The government is to consider forcing supermarkets and suppliers to follow Tesco’s lead, by making them reveal their individual contributions to food waste.
Speaking in a Westminster debate, Defra minister Rory Stewart admitted there was a “good argument” for forcing retailers and manufacturers to reveal their figures, so they could be “named and shamed.”
MPs praised Tesco, the first retailer to reveal its individual contribution to food waste from its stores and DCs, but said the Courtauld agreement should be re-written so that other companies were forced to follow suit.
“At the moment, a composite result is announced, so we do not know who the good guys and the bad guys are,” said Kerry McCarthy, Labour MP for Bristol East.
“If companies were named and shamed, that would encourage the worst performers to follow the example set by the best performers.”

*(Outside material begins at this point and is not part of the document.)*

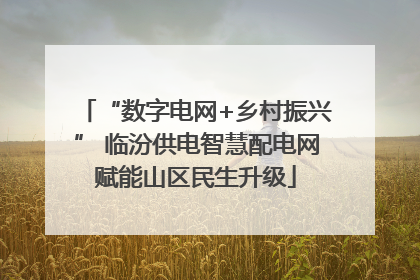 “数字电网+乡村振兴” 临汾供电智慧配电网赋能山区民生升级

McCarthy also slammed what she called the “miniscule” target for reducing manufacturing and retail waste by 3% from 2013-2015 under phase 3 of the Courtauld agreement, even though an update by Wrap earlier in the year showed that the industry was in danger of missing the target.

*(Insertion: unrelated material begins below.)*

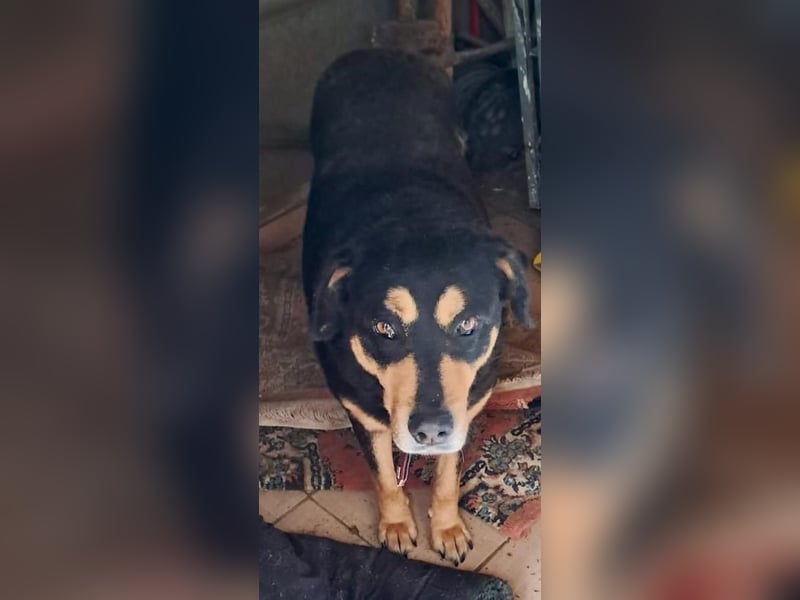 Balu– treuer Kuschelfreund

“The first year’s results show little change against that minuscule target, although signatories have reported a doubling in the food provided for redistribution,” said McCarthy. “Those targets simply are not ambitious enough to drive the reduction that is needed. It should also be possible under Courtauld to see how well individual supermarkets and manufacturers are performing against the targets.”
Stewart said he would look again at whether the industry targets on food waste went far enough, but backed McCarthy’s call for individual reporting.

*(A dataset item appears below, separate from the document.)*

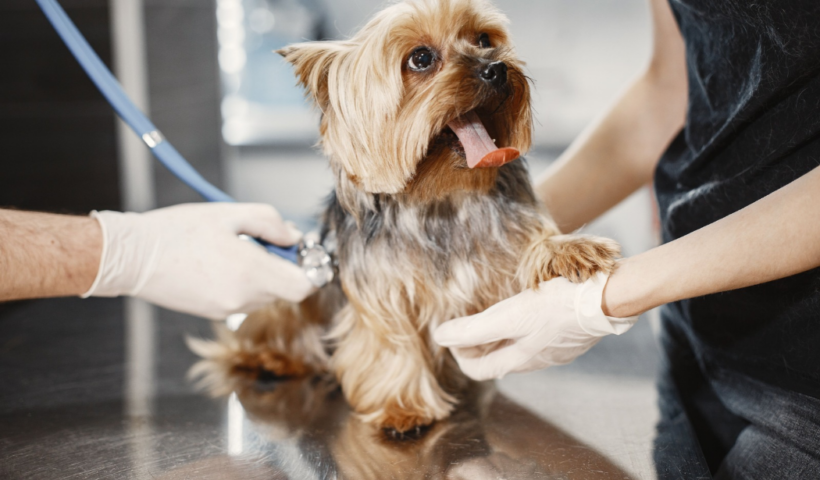+Pet tem vagas de emprego abertas em São José dos Campos para atendentes, recepcionistas, auxiliar veterinário e médico veterinário.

“Her argument, which was about transparency and specificity—how on earth are we supposed to hold people to account if we cannot work out how much individual people are doing?—seems to me to be a good one,” he said.
Stewart said it was important that targets on food waste were “feasible and affordable,” admitting “there will always be a tendency on the part of any Government, whether the previous Labour Government or ours, to set targets that are achievable. Equally, we need to be pushed to work harder; we need ambitious targets to make us get out of bed in the morning and shove towards them. I am happy to sit down and examine those targets in detail and talk through the constraints.”
Stewart also stressed that half of all food waste, amounting to 7 million tonnes of food a year, was produced by households rather than retailers or suppliers.